Une femme lit à voix haute un courrier qu'elle tient entre ses mains: "Madame, Monsieur, suite à notre dernière visite d'immeuble, nous avons pu constater l'installation d'un drapeau français dans votre jardin. Nous tenions à vous remercier de votre patriotisme, mais sachant que les activités sportives estivales sont terminées, nous vous serions reconnaissants de bien vouloir le déposer afin d'éviter tout débordement. Comptant sur votre collaboration et votre compréhension".

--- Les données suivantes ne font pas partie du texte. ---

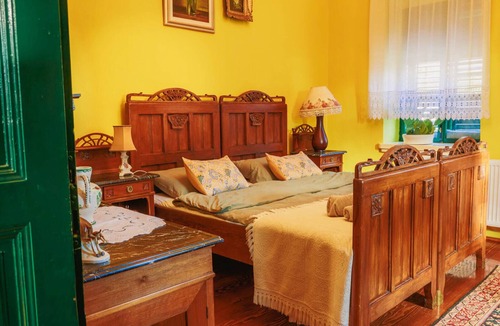 Bilje House | Cozy 3-bedroom farmhouse surrounded by a vibrant garden full of plants.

Ce témoignage est relayé dans une courte vidéo TikTok, publiée le 1er juin 2025 - déjà visionnée près de 600.000 fois et cumulant plus de 30.000 "j'aime". Une phrase en lettres majuscules est inscrite sur ces images : "L'ÉTAT LUI DEMANDE D'ENLEVER SON DRAPEAU FRANÇAIS POUR ÉVITER TOUT DÉBORDEMENT".

Des messages similaires circulent également sur TikTok, Facebook (1, 2, 3), X et YouTube.

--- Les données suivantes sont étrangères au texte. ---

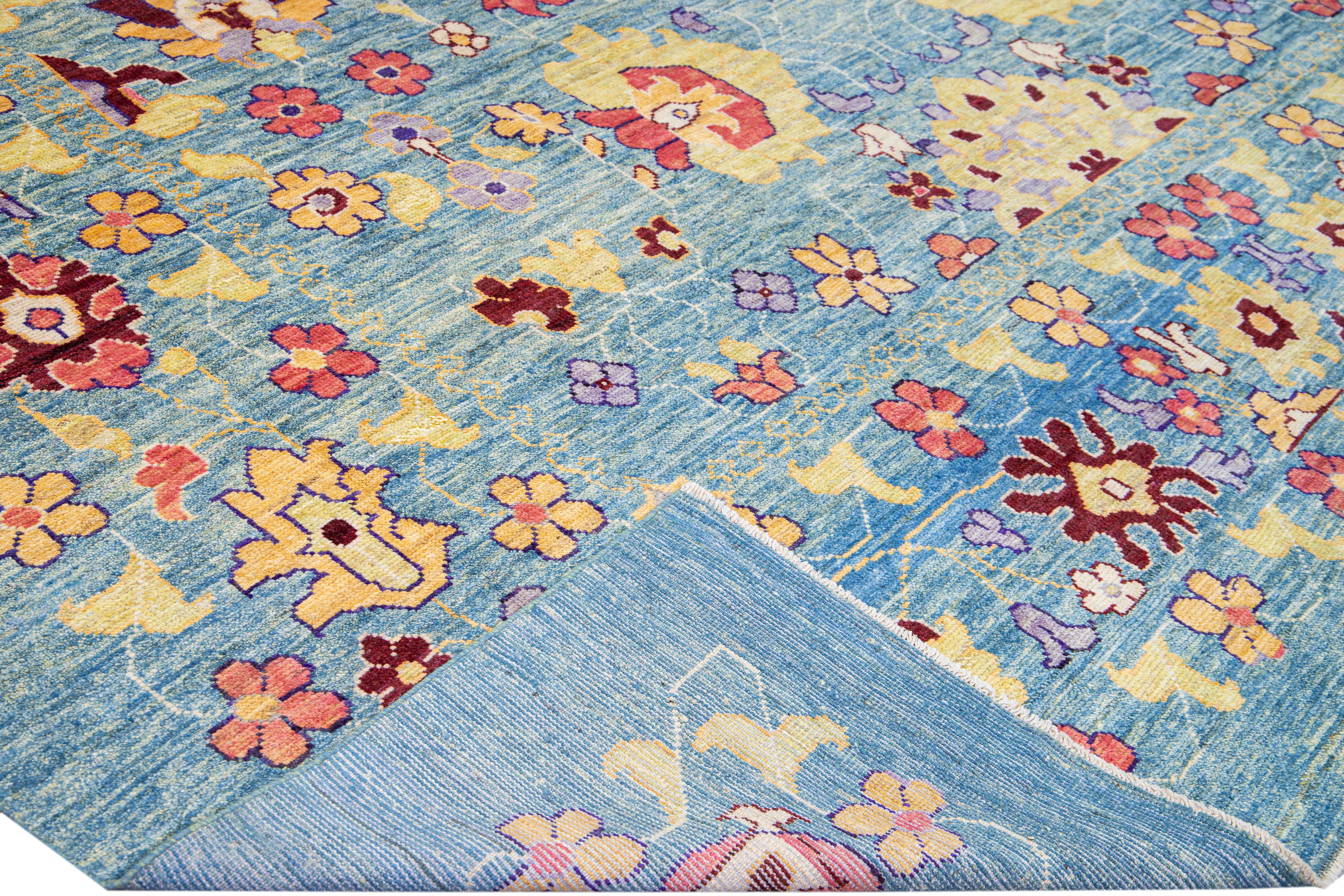 Beautiful modern Oushak hand-knotted wool rug with a blue field. This Oushak rug has a multicolor accents layout a gorgeous geometric floral pattern design. 

This rug measures: 11'8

Sous la publication, de nombreux internautes s'offusquent de cette demande : "C'est dingue on est en France !!! L’état interdit le drapeau national ?", écrit l'un. "par contre le drapeau palestinien ça dérange pas!", ajoute un autre. Plusieurs internautes affirment que la France serait "le seul pays au monde où on te demande de retirer ton drapeau".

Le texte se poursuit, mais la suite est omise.